We go way back, Shakespeare
and me. Even before the Gilligan’s Island
that forms the basis of my generation’s thin acquaintance with Hamlet,
I watched my dad Laurence-Olivier it for the mirror
or for any audience he could impound, eyebrows working overtime
while he intoned, To be. Or not. To be. That is. The question.

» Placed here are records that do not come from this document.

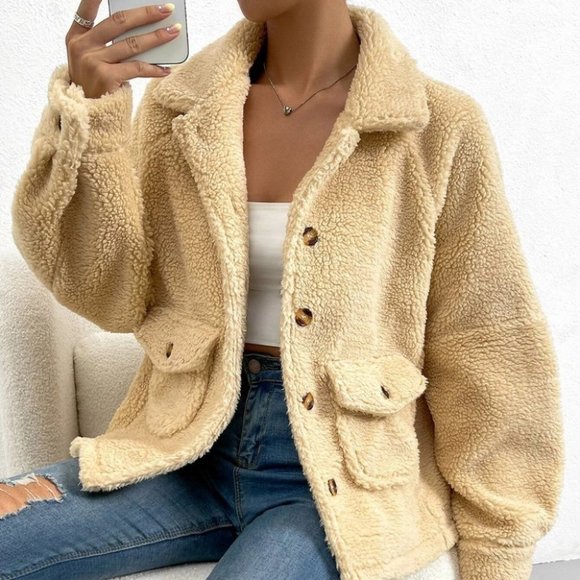 fall winter casual button teddy faux fur button down coat trending - Picture 2 of 6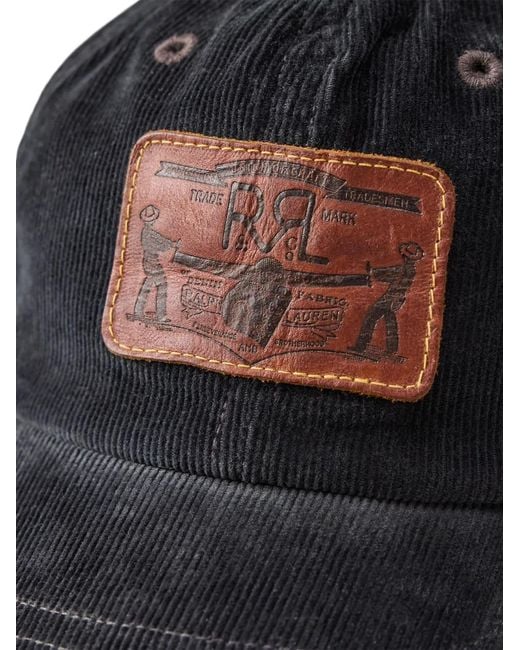 RRL Black Corduroy Logo-Patch Cap for men
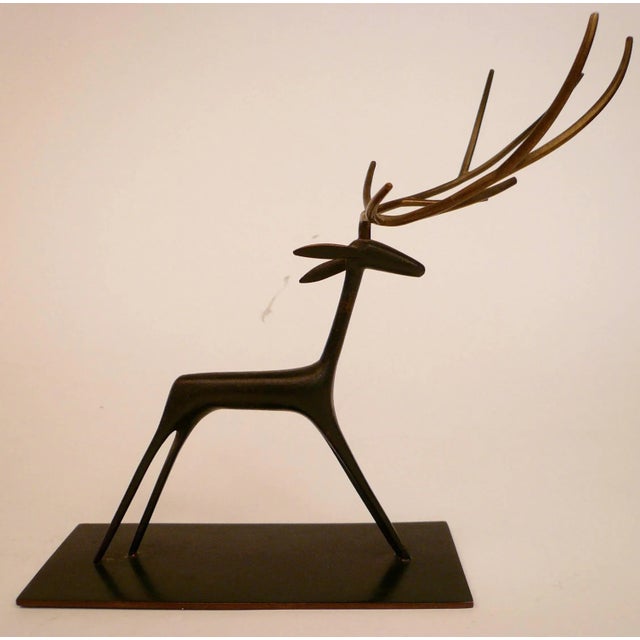Mid-Century Modern Patinated Bronze Sculpture of a Deer by Hagenauer For Sale - Image 3 of 7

And if Mom sailed through after he’d had a few more and the question
turned to his inevitable declarations about the Absurd, she’d mutter, I hate Shakespeare,
and, before it was even time
for the evening’s sitcoms to end, catch the last boat off the island,
stranding me and my brother at kitchen stools, moored
to our father while he hammed
it up. I didn’t stop seeing Hamlet
as a bad actor in mid-life crisis until answering questions
for Orals at grad school, Miranda
to a committee of disapproving Prosperos. Shaking
on their academic island,
clueless about longitude, about the single book that I should keep, about time’s
passage, I read over time,
though failed to chart, much of the hamlet’s
library hoping, not as much for rescue from that humorless land,
as answers to the big questions
I tacked between, episode to episode: how probable was one, let alone a pair,
of shipwrecks in a narrative? how’d I get stuck to begin with? and was it mere
coincidence, or miracle,
that every time
I drowned, no matter the direction the boat set out, I reappeared
exactly where it started, bone dry but shivering, second mate to any Hamlet
who might appoint himself Inquisitor/
Master. Before watching my own daughter play that part, I
blamed the helmsman for landing
us in this castaway quagmire,
on some slap-stick, quixotic, whale-of-a quest,
no time
to locate our bearings, one voyage to the next. But Hamlet’s
also the Father/Ghost who shocks his poor
son off his islet of sanity, when—given time
to grieve—he might’ve left the doldrums, even married Ophelia. If not for Hamlet
Sr.’s insistence on his questions, his truth, his own despair.